The Customs and Border Protection (CBP), which conducts inspections at the U.S. borders, announced its plan to immediately eliminate the I-94 card issued to nonimmigrant arrivals. The I-94 card is a white card affixed to the passport at the time of entry. This card is the document that grants nonimmigrant status and shows critical information such as entry date, authorized period of stay and class of admission. The elimination of this document was slated to begin late summer 2012 in a few small airports, but the CBP is accelerating this plan for system-wide implementation.

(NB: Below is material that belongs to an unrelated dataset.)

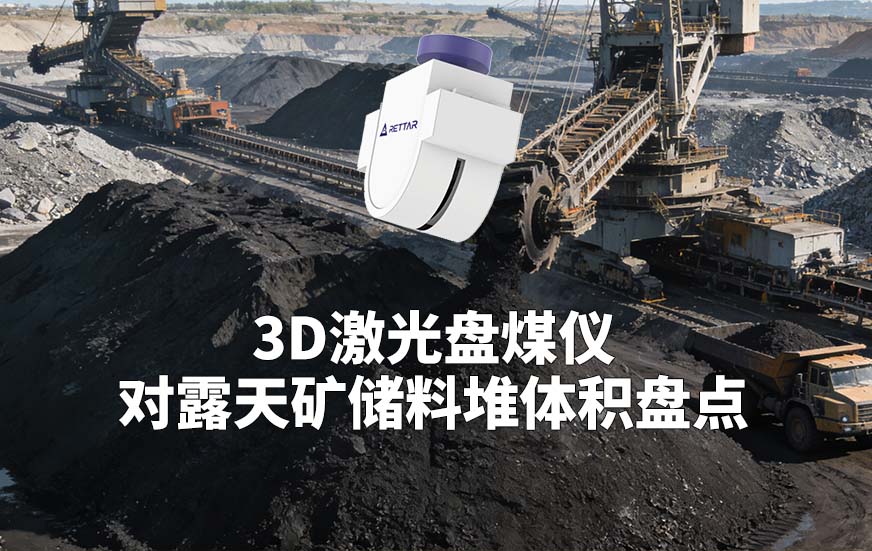 3D激光盘煤仪如何对露天矿储料堆体积盘点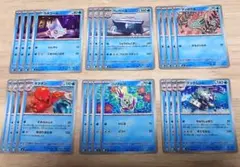 ポケモンカード（M4） ニンジャスピナー 水タイプポケモンまとめ売り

In lieu of the I-94 card, CBP plans to issue an admission stamp on the passport of a nonimmigrant which will include a handwritten notation of the admission status (whether H-1B, L-1A, etc.) and the authorized period of stay.
New Arrival Procedure
Nonimmigrants arriving at U.S. air and seaports using the Advance Passenger Information System (APIS) will no longer receive a physical I-94 card. The APIS is a web-based system used by commercial carriers and private aviation services to electronically update CBP with notices of arrival, departure and traveler manifests.
Going forward, nonimmigrants arriving at air and sea ports using APIS will only be issued a stamp in their passport and CBP will create an electronic record for arriving nonimmigrants.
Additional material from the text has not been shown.